In order to improve the tracking of documents processing status, and in
particular when something goes wrong with MCF (like hanging processes
without obvious causes), I would like to propose to add specific logs into
each repository connector. One log at the beginning of each
documentIdentifier processing in the processDocuments method, and one at the
end, so that, at any time, we can easily tell which documents are being
processed.

To implement that, I was thinking of a common class that would write the
logs, with a custom log level (between INFO and DEBUG), so that the logs
could be easily isolated into a specific file through log4j conf. The class
would be stored in the org.apache.manifoldcf.crawler.system package like the
Logging class. 

 

What do you think about that ?

 

Regards,

Julien


RE: Add logs to repository connectors

Posted by Julien Massiera <ju...@francelabs.com>.
Hi Karl,

So can I add a log4j2 logger in each repository connector and log events like I described in the previous mail ? Using the debug level

Regards,
Julien

-----Message d'origine-----
De : Julien Massiera <ju...@francelabs.com> 
Envoyé : mercredi 19 janvier 2022 12:53
À : dev@manifoldcf.apache.org
Objet : RE: Add logs to repository connectors

Hi Karl,

The goal of having a separate class to produce these logs is to either keeping them in the manifoldcf.log (by setting the logs in DEBUG), or writing them in a separate file by targeting the specific class in the logging.xml with a specific appender and a specific logger.
By default we would be in the first case, having thoses logs in the manifoldcf.log in DEBUG mode, and for those who want them in a separate file, they'll have to modify the logging.xml conf on their own.

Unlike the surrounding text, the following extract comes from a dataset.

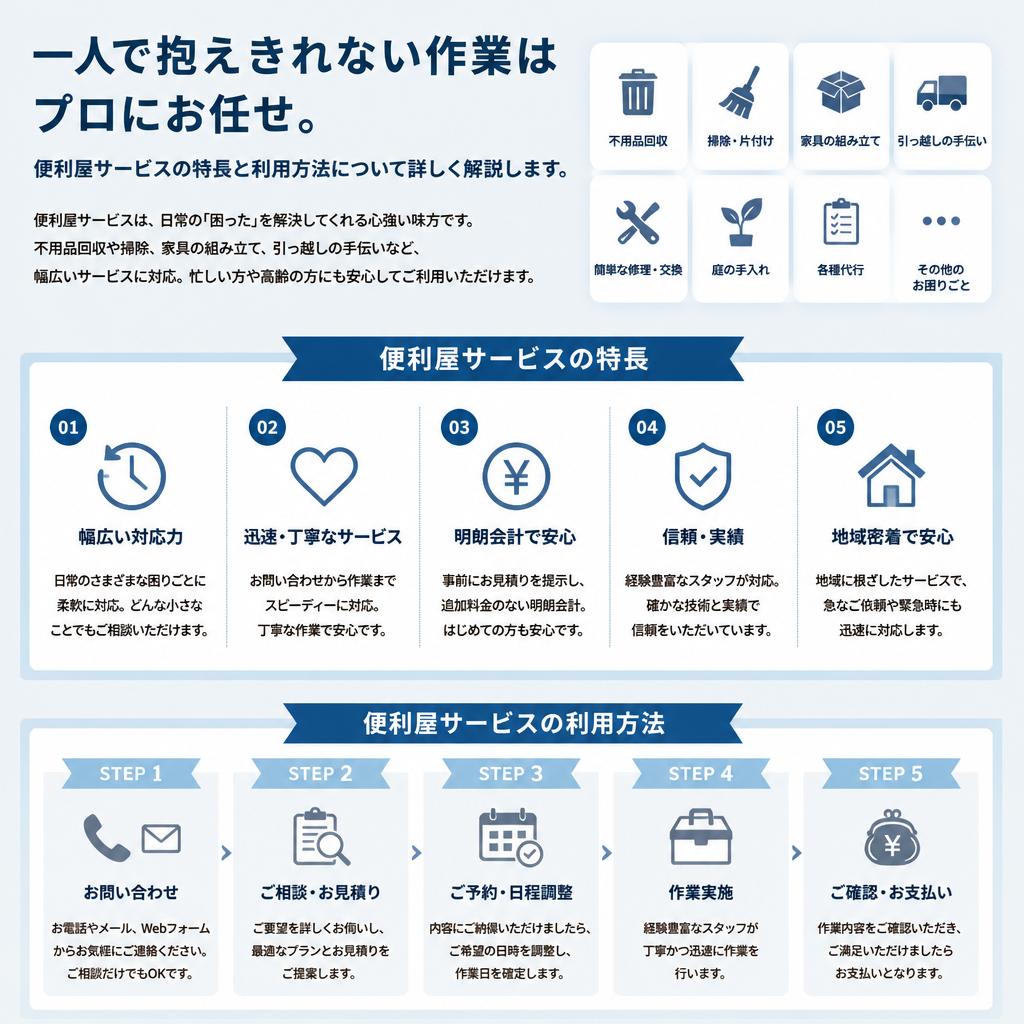 プロの便利屋サービスの活用法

With the two choices you propose, this cannot be done because there is no way to specifically target these logs in the logging.xml conf. If we use the existing logging class (and modify it to add the connector class), then by targeting this class in the logging.xml file we will target any logs generated with this class, and in the other solution that consists of having one native log4j logger in each connector, we would have to target every logger. 

If I had to choose it would be to have a native log4j logger in every connector so we can at least specifically target the logs even if it requires more conf.

Also the log format would be like this: 

[DOC_PROCESS_START|DOC_PROCESS_END]|CONNECTOR_NAME|DOCUMENT_IDENTIFIER

Regards,
Julien

-----Message d'origine-----
De : Karl Wright <da...@gmail.com>
Envoyé : mardi 18 janvier 2022 17:44
À : dev <de...@manifoldcf.apache.org>
Objet : Re: Add logs to repository connectors

Having a second log is pretty non-standard, and obscures the ordering of events that may be pertinent.  So I am not thrilled with that idea.
However, the current logging system does not make it easy to determine where a log message is coming from, nor can you filter log messages with grep easily.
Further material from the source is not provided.